Barclay further alleged that Ports, the STA, and the ILA “breached their duty to the general public not to allow and/or encourage their employees to work in excess of a reasonable number of hours beyond the normal human tolerance.” The complaint averred that the three institutional defendants “engaged in a habitual and customary practice of allowing, requiring and/or encouraging their employees to work in excess of a reasonable number of hours for a mature adult human being.” Specifically, Barclay alleged that those defendants “were negligent in that they permitted and encouraged the Defendant, [Richardson], Deceased, to work twenty-two hours beginning sometime on January 15, 2006,” 6 and that those defendants “knew or should have known that [Richardson], Deceased would have operated his vehicle when leaving the workplace.”

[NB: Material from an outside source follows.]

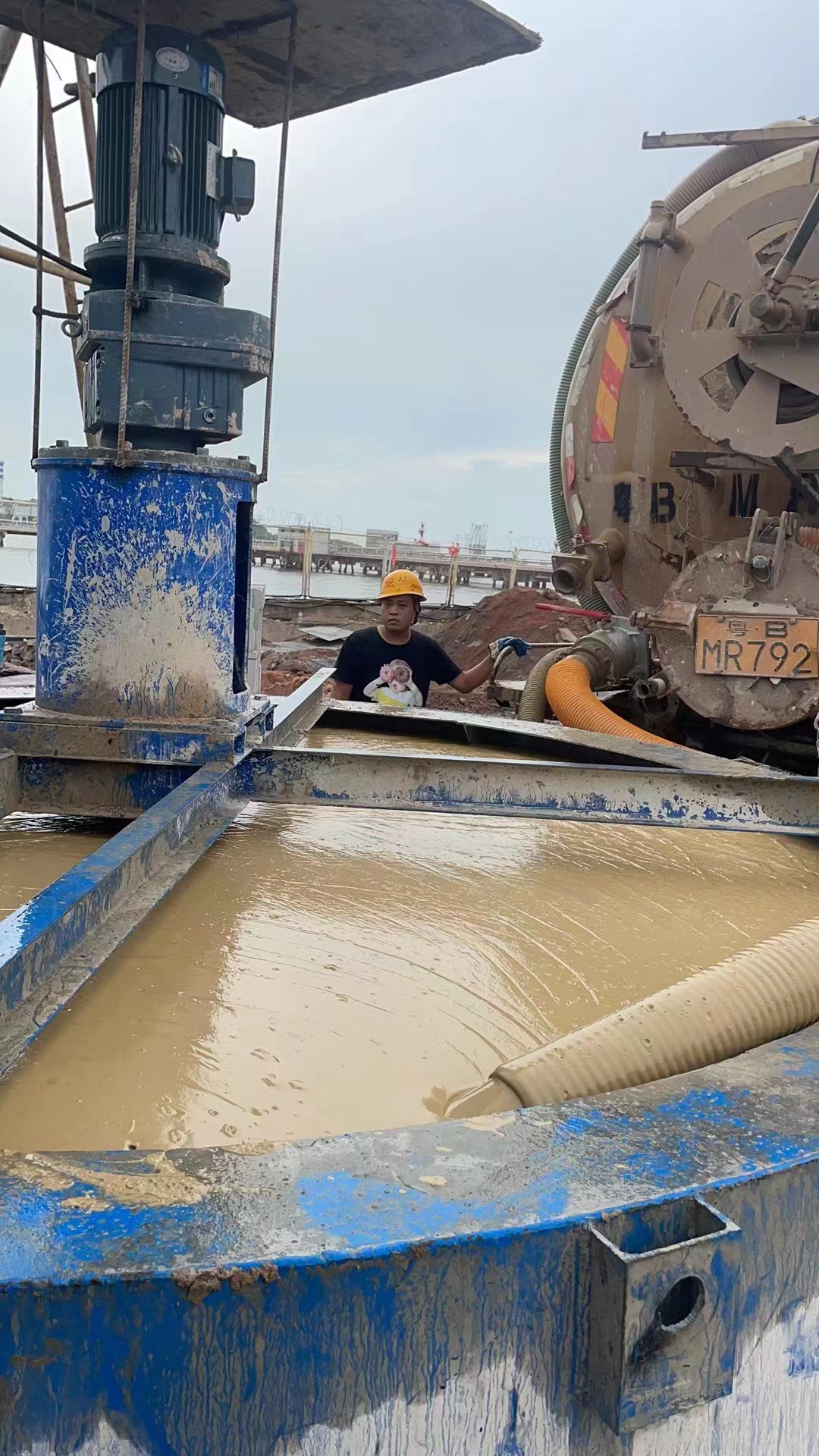 粉土土壤固化剂泸州买生态水利生态修复图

Briscoe filed cross-claims against Ports, the STA, and the ILA, claiming that Barclay's injuries and damages were solely caused by their “negligence and want of care.”

Barclay voluntarily dismissed the ILA as a defendant on August 1, 2008. 7

On February 2, 2009, Ports filed a motion for summary judgment on Barclay's direct claims and Briscoe's cross-claims. Ports argued that it was not vicariously liable because Richardson was driving his personal vehicle outside the scope of his employment. Ports further argued that it did not owe the direct duty to the general public alleged in Barclay's complaint.

After a hearing on the matter, the court granted the motion on November 10, 2009. The court explained its ruling in a memorandum opinion determining that Ports is not vicariously liable according to the “going and coming” rule of respondeat superior. The court further ruled that because actors in Maryland have “no duty to protect another unless a special relationship ... exists,” Ports owed no duty to Barclay as alleged in his complaint.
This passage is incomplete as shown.